STANDARD: Gibt es neben Schäden durch Kämpfe auch Raubzüge in archäologischen Stätten und Museen, wie wir das bereits in Syrien und im Irak gesehen haben?

Gerlach: Das ist leider teilweise auch der Fall. Es finden zudem religiös motivierte Zerstörungen statt. Gerade im Süden des Landes, im heutigen Hadramawt, sind Zerstörungen von Heiligengräbern zu beobachten, die der radikalen wahhabitischen Auslegung des Islams nicht entsprechen. Die wurden teilweise bereits vor dem Krieg beschädigt, doch ihre gezielte und vollständige Zerstörung findet heute statt, da in den betroffenen Regionen keine staatliche Kontrolle mehr existiert bzw. Extremisten die Macht übernommen haben. Und es werden Museen geplündert: Das passiert ebenfalls durch Al-Kaida und andere jihadistische Gruppen vor Ort. Vor allem Sinjibar, die Provinzhauptstadt von Abian, ist nachweislich davon betroffen. Zum Glück ist es aber zumindest bisher nicht zur Ausradierung eines ganzen Fundplatzes aufgrund religiöser Motivation gekommen. Doch gestalten sich die massiven Plünderungen an vielen Orten als existenzbedrohend für die archäologischen Stätten. Anzahl und Intensität dieser Zerstörungen nehmen seit Beginn der militärischen Auseinandersetzung deutlich zu.

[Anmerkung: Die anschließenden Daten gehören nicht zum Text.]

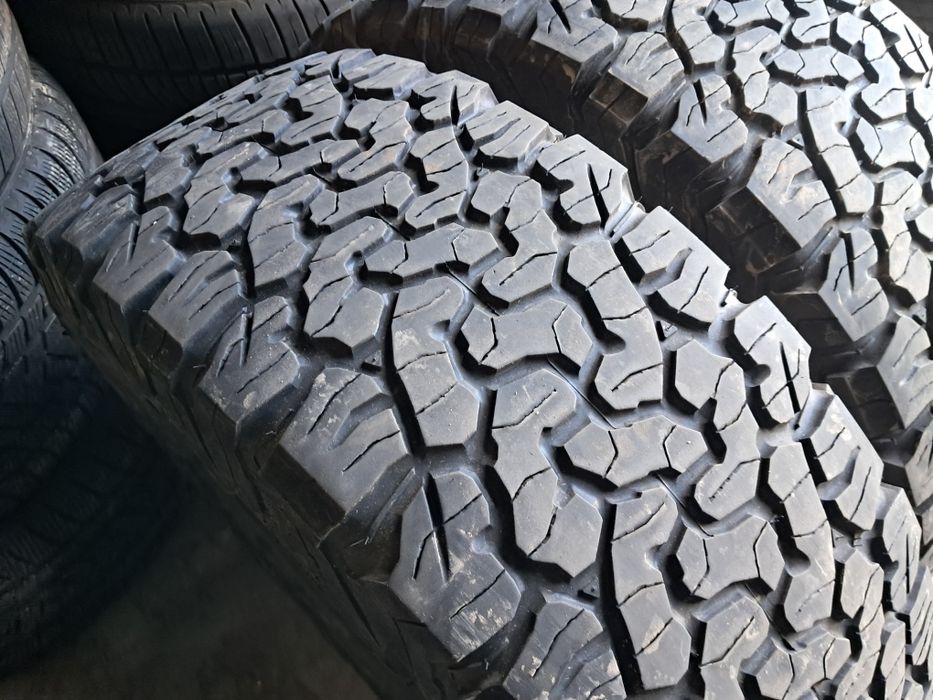 Anvelope second M+S 265 65 R17 BF Goodrich 2022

STANDARD: Merkt man diese Plünderungen auch auf dem Markt für Kulturgüter?

Gerlach: Ja, was Südarabien betrifft verfolgen wir vom DAI aus auch den Antiken-Markt und arbeiten mit dem deutschen Bundeskriminalamt (BKA) und Interpol zusammen. Im Zuge dessen bekommen wir immer wieder Objekte zur Begutachtung, die im Zoll liegen oder auf europäischen Auktionen angeboten werden. Zum Glück handelt es sich oft um Fälschungen, doch kommen heute auch vermehrt echte Stücke mit gefälschten Dokumenten ins Land. Auffallend ist dabei, dass jetzt immer häufiger Objekte mit der Herkunftsangabe "Aus alten Sammlungen" auftauchen. Das quantitive Anwachsen von Antiken aus Kriegsgebieten aus anscheinend alten und damit zumindest offiziell legalen Altbeständen wundert einen dann schon. Letztlich sehen wir dabei nur die Oberfläche des Handels – nämlich was in Auktionshäusern – meist legal – angeboten oder vom Zoll abgefangen wird. Wir wissen aber von einem umfangreichen und wohlorganisierten Schwarzmarkt. Dabei werden die Objekte außerhalb unserer direkten Kontrolle verschoben. Unsere Kenntnisse dazu sind äußerst gering. Mal erhalten wir indirekte Informationen, häufig aber eben auch gar nicht.

STANDARD: In Syrien und im Irak gibt es einen vom "Islamischen Staat" (IS) organisierten Handel mit Kulturgütern. Wie sehr sind die Raubzüge im Jemen organisiert?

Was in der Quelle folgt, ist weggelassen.